We Need To Talk: 5 tips for handling the most gut-wrenching conversations

We need to talk! When is the last time you heard those words from a spouse, a partner, a colleague, or someone you absolutely cannot stand? If you’re like most people, the mere thought of hearing, “we need to talk!” makes your face flush, your blood pressure rise, your limbs tingle, and your mind go completely blank. Polite small-talk can be uncomfortable at best, but important conversations (where emotions are hot and a lot is at stake) are likely to not just make you uncomfortable, but to render you almost entirely, intellectually, useless.
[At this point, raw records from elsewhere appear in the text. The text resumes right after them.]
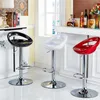 Three bar stools in black, white, and red are arranged in a modern kitchen or bar area. Produktbild-Vorschau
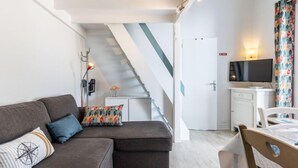 Un salon moderne avec un canapé, un téléviseur et un escalier.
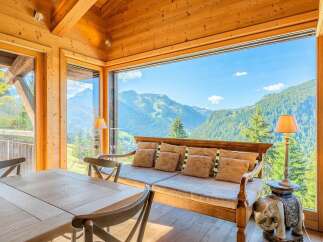 Experience breathtaking mountain views from this stunning living space, featuring a cozy wooden interior and expansive windows.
Unfortunately, this is a common human reaction triggered by the oldest and most primitive part of our brain. When confronting any perceived threat, our reptilian brain (brainstem, cerebellum, hippocampus, amygdala and hypothalamus) is the first to respond, triggering the fight or flight response which – though useful for survival – is less handy when it comes to engaging in rational thought. This reptilian response causes our heart rate to increase, our breathing to become rapid, and our body temperature to rise, and, urges us to attack or acquiesce, bite or block, or unleash or unfriend – all before our higher brain (cerebral cortex) has a chance to catch up to what is happening.
So, what are you to do when evolution and physiology seem to have sabotaged you against something as fundamental to civilization as communication? How can you override (or at least marginally disrupt) this primal response long enough to engage in critical thought?
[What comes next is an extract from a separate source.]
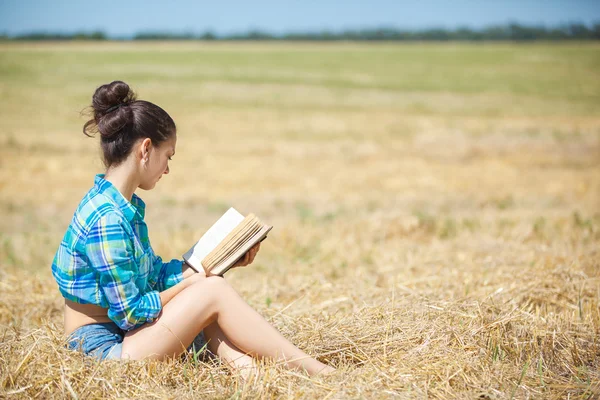 Girl in wheat holding book — Stock Photo, Image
Here are 5 tips you can use when faced with, “we need to talk”, which can improve both the process – and the outcome – of the most gut-wrenching conversations.

1 – Count 10 full, deep breaths

Breathing has some amazing effects on our physiology. Full, deep breaths signal the brain to release hormones that counteract the adrenaline released by our bodies when we are under stress. This leads to a gradual calming effect which reduces the urge to fight or flee, and gears us up for more advanced cognitive and emotional responses. Counting breaths also stimulates higher brain functions (logic, motivation, planning, and language) and encourages systemic thinking, which can help us come up with more imaginative solutions to complex problems. Counting 10 breaths also has a built in practical benefit. The time it takes to count 10 deep breaths (about one minute) provides enough space to begin actively listening and collecting data, while also demonstrating to the other person that you are listening and engaged.
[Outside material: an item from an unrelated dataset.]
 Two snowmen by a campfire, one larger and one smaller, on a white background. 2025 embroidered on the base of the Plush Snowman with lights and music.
2 – Bite your tongue…literally

It’s natural to react to gut-wrenching conversations by blurting out reflexive counter-arguments (fight), or shutting down (flight). We’ve all been cut-off or shut-out in arguments, and know firsthand how much more confusing and tense it can make the situation. As silly as it may sound, the action and slight discomfort of physically biting your tongue is quite useful in preventing theses knee-jerk responses, by giving you a subtle, tactile reminder to prohibit speech and remain alert – both of which help foster one of the most important (but seldom used) techniques of effective communication, attentive silence.

3 – Use Attentive Silence

Attentive silence (silence accompanied by active mirroring of facial expressions, direct eye contact, nodding and forward posture) is perhaps the most valuable tool of interpersonal communication. On a practical level, attentive silence shows the person speaking that you are paying attention to what they are saying with no distractions, and creating a strong impression of engagement and interest. On a physiological level, active listening focuses your thinking, allows information to efficiently transverse across all areas of our higher brain, then route back to the long-term memory centers located (perhaps surprisingly) in our primitive, reptilian brain. This cycle plays a key role in establishing and developing effective communication by introducing a stimulation – assimilation – analyzation pattern which, with repetition, reinforces long-term (positive and negative) memories. When we experience more positive and rewarding outcomes, newer, good memories eventually prevail over older, bad memories, which, with repetition, can become fixed. Practicing attentive silence helps us to eventually associate conversation with positive feelings and emotions, and trains our minds to more quickly access higher brain function in future situations.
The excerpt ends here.